§ **What the exercise asks**
In full and exactly, please return the records, but keep out the pictures.

= = = = = = =

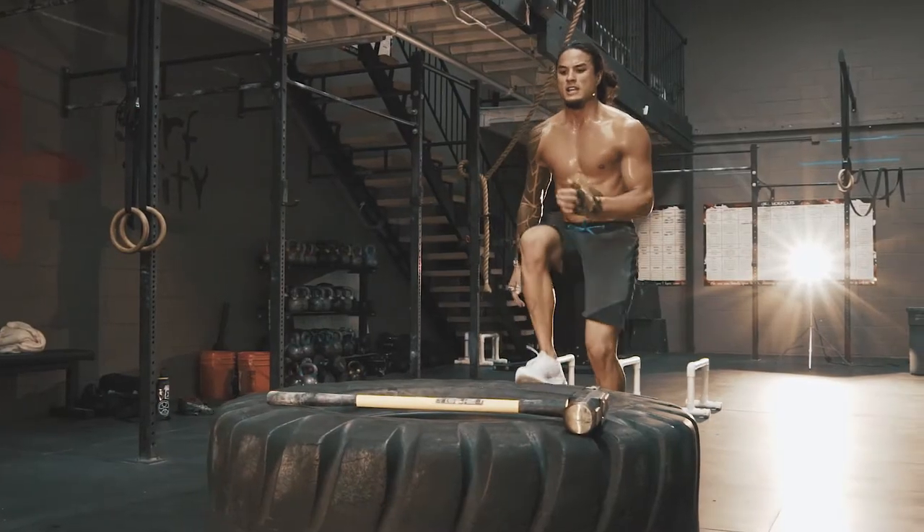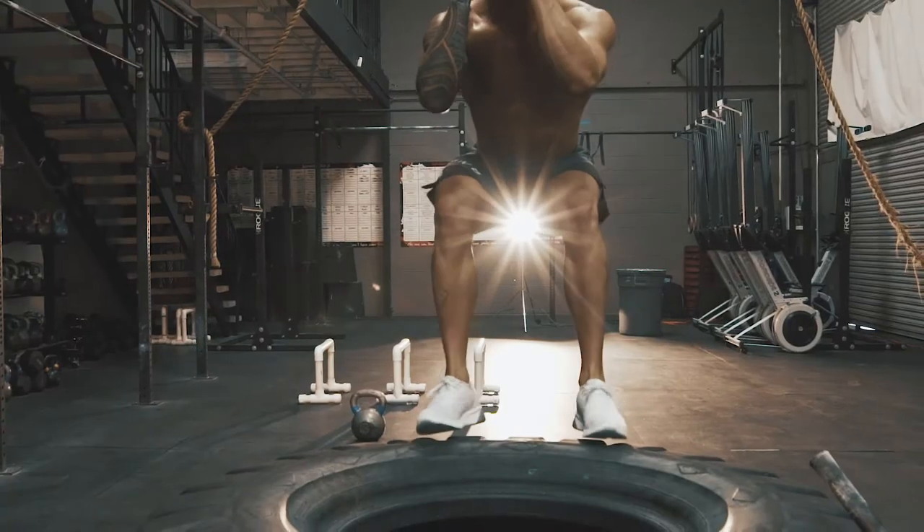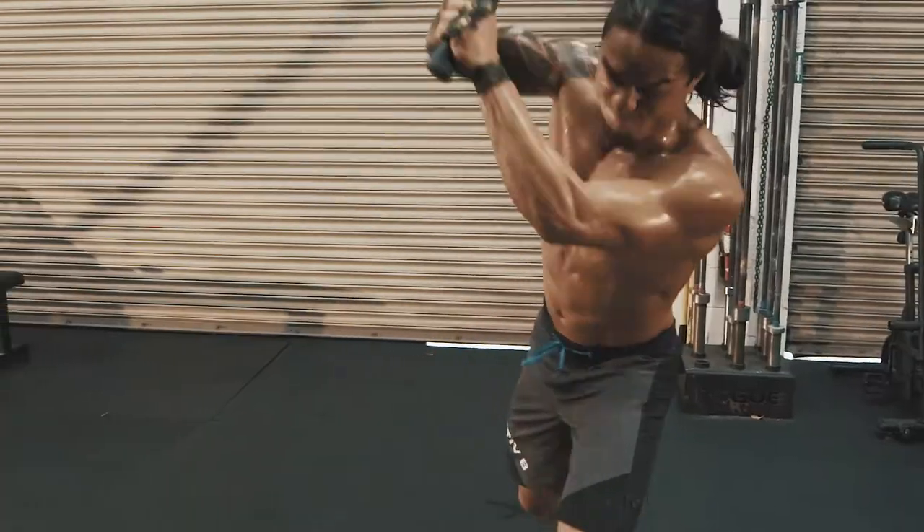I don't only benefit from goat tape in the gym, but I also benefit from it where it matters the most to me, which is on the court.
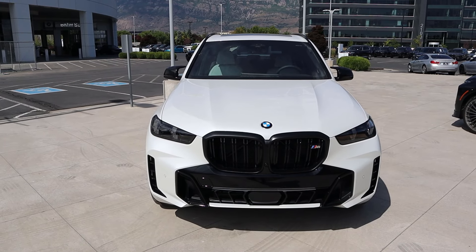Hey everyone, it's Ben Hardy here, and in today's video we'll be reviewing a BMW X5 M60i. I want to give a huge shout out and thank you to BMW of Pleasant Grove for giving me some time with this car. I'll include a link to the website in the description down below. If you have any questions or need any help, just ask for Brendan. I'll also include a link to my car buying guide.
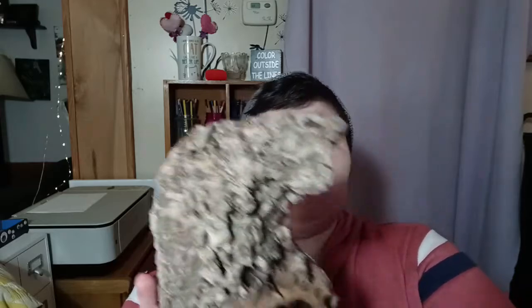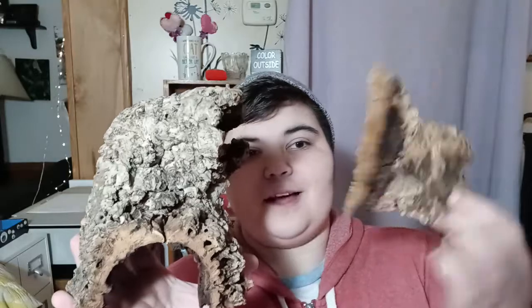Another good one would be some decor for the enclosure. Something that is amazing in snail enclosures, but kind of expensive, is cork bark. You can find some really cool pieces of cork bark — you can get tubes like this or flats like this. I love cork bark; they're just really amazing for snails. They are a little bit expensive, but they're a great option.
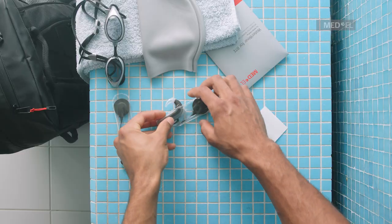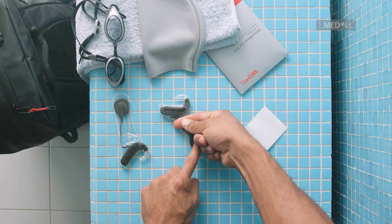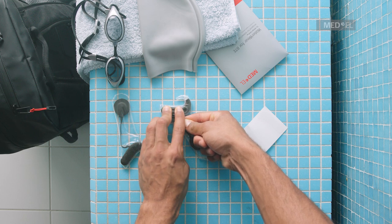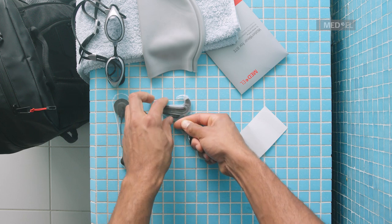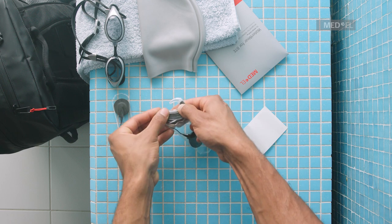Place Sonnet 2 on a flat surface. Hold onto the coil and run your fingers along the cable to press out any remaining air. Seal Waterwear completely by applying the rest of the adhesive strip. There should be no gaps between the strip and the cover.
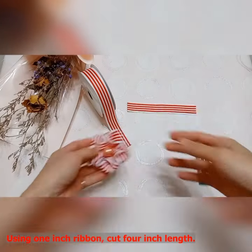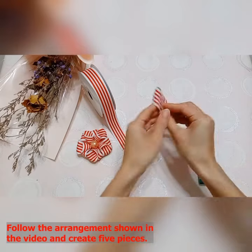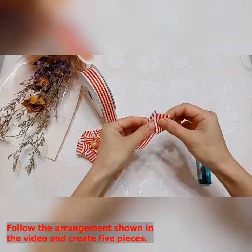Using 1 inch ribbon, cut 4 inch lengths. Follow the arrangement shown in the video and create 5 pieces.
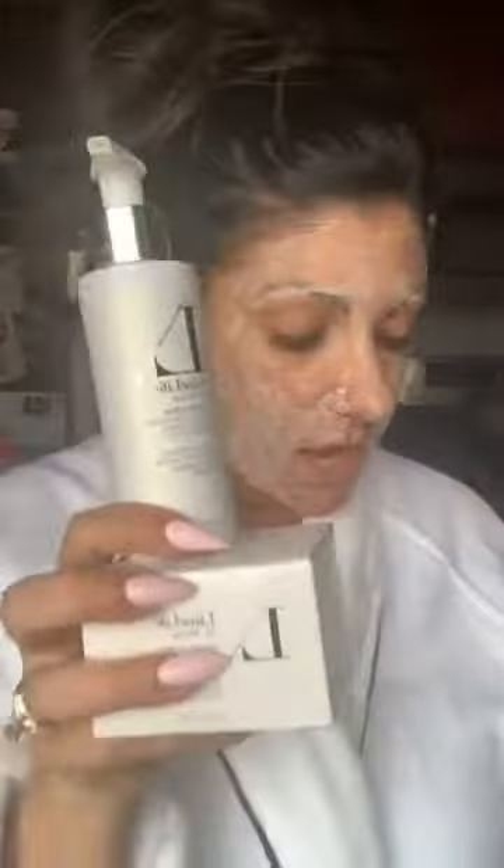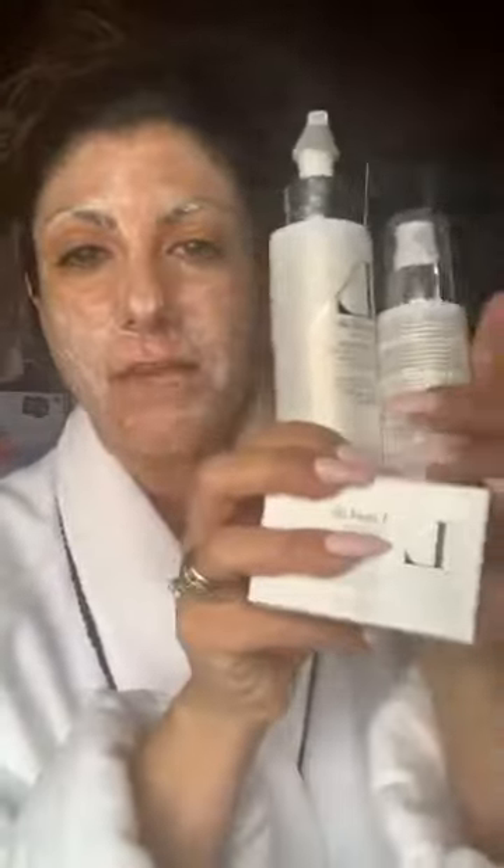For oily clients who are acne prone, you could do Dream Clean, the Cool Bomb, and the Mask of Zen. You can get this whole kit for about $80 — it's called Skin Confidence. You will be set for at least four months with your skincare. It's amazing.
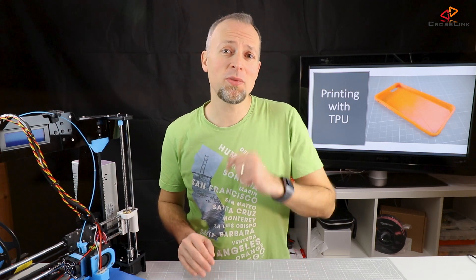I want a new phone case, so in this video I will show you how to print flexible TPU filament. Come and join me!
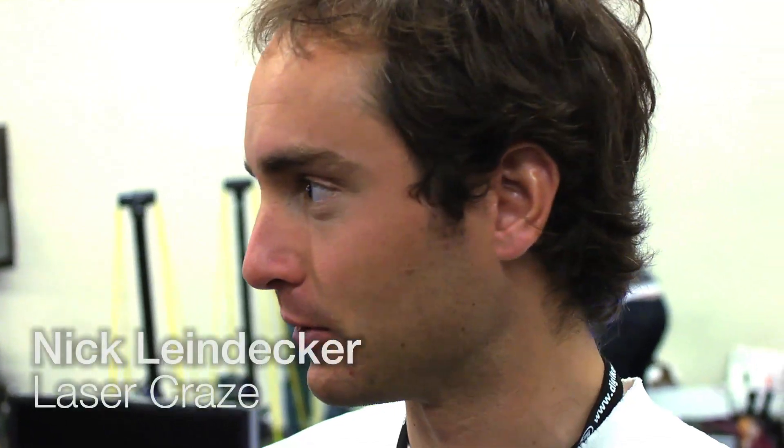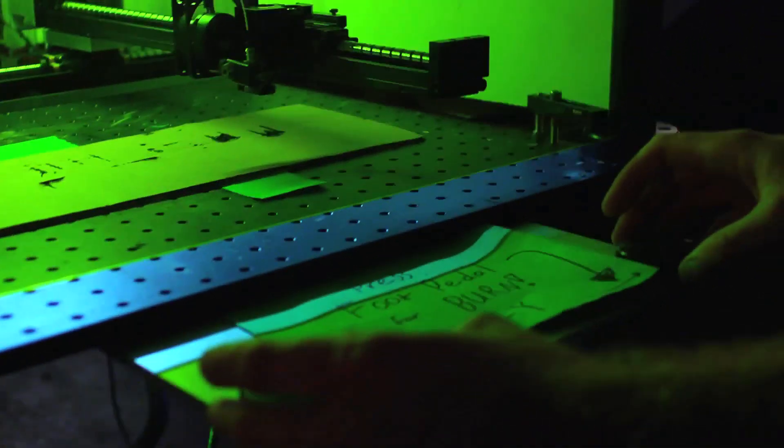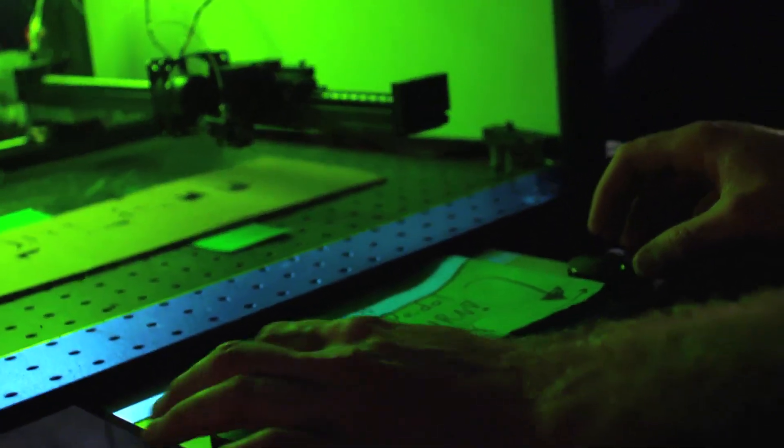We had this idea that we really liked — some kind of dangerous etch-a-sketch — knowing that people at Maker Faire like fire and flames and instant gratification. All right, so here we go. It's burn time.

= = = = = = =

§ **Response to the exercise**
I don't only benefit from goat tape in the gym, but I also benefit from it where it matters the most to me, which is on the court.
Hey everyone, it's Ben Hardy here, and in today's video we'll be reviewing a BMW X5 M60i. I want to give a huge shout out and thank you to BMW of Pleasant Grove for giving me some time with this car. I'll include a link to the website in the description down below. If you have any questions or need any help, just ask for Brendan. I'll also include a link to my car buying guide.
Another good one would be some decor for the enclosure. Something that is amazing in snail enclosures, but kind of expensive, is cork bark. You can find some really cool pieces of cork bark — you can get tubes like this or flats like this. I love cork bark; they're just really amazing for snails. They are a little bit expensive, but they're a great option.
Place Sonnet 2 on a flat surface. Hold onto the coil and run your fingers along the cable to press out any remaining air. Seal Waterwear completely by applying the rest of the adhesive strip. There should be no gaps between the strip and the cover.
Using 1 inch ribbon, cut 4 inch lengths. Follow the arrangement shown in the video and create 5 pieces.
For oily clients who are acne prone, you could do Dream Clean, the Cool Bomb, and the Mask of Zen. You can get this whole kit for about $80 — it's called Skin Confidence. You will be set for at least four months with your skincare. It's amazing.
I want a new phone case, so in this video I will show you how to print flexible TPU filament. Come and join me!
We had this idea that we really liked — some kind of dangerous etch-a-sketch — knowing that people at Maker Faire like fire and flames and instant gratification. All right, so here we go. It's burn time.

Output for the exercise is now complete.